Records for the task -
____
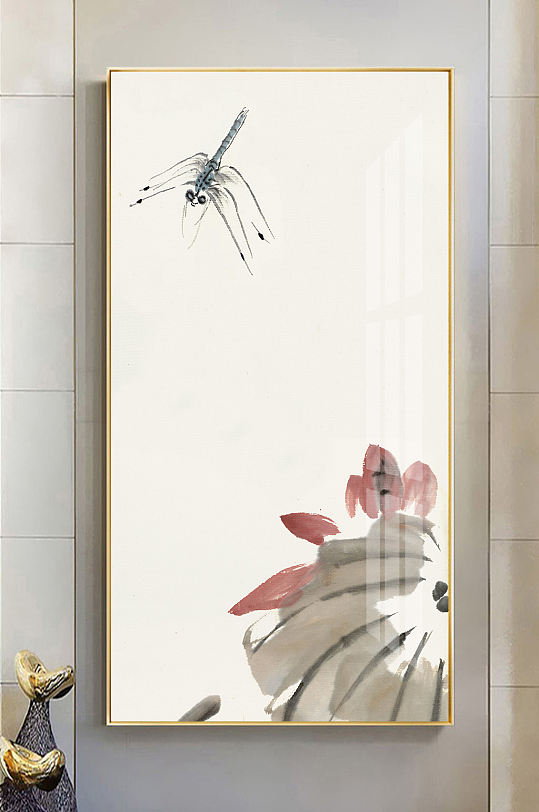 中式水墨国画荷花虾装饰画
____
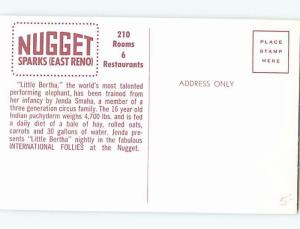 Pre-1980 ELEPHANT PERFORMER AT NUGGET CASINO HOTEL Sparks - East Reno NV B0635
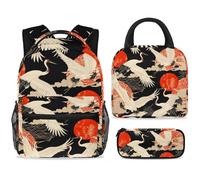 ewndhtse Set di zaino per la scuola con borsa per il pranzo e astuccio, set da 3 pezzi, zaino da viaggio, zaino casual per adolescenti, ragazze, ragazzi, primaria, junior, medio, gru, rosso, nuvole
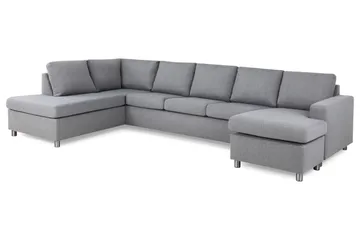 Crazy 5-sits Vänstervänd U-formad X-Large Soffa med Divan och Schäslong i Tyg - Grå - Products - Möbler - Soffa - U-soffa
____
Work to be completed - Repeat exactly, and only, the entries from the line with "Pre-1980 ELEPHANT PERFORMER" through the line with "Crazy 5-sits Vänstervänd". Pictures are skipped.

Answer box -
 Pre-1980 ELEPHANT PERFORMER AT NUGGET CASINO HOTEL Sparks - East Reno NV B0635
 ewndhtse Set di zaino per la scuola con borsa per il pranzo e astuccio, set da 3 pezzi, zaino da viaggio, zaino casual per adolescenti, ragazze, ragazzi, primaria, junior, medio, gru, rosso, nuvole
 Crazy 5-sits Vänstervänd U-formad X-Large Soffa med Divan och Schäslong i Tyg - Grå - Products - Möbler - Soffa - U-soffa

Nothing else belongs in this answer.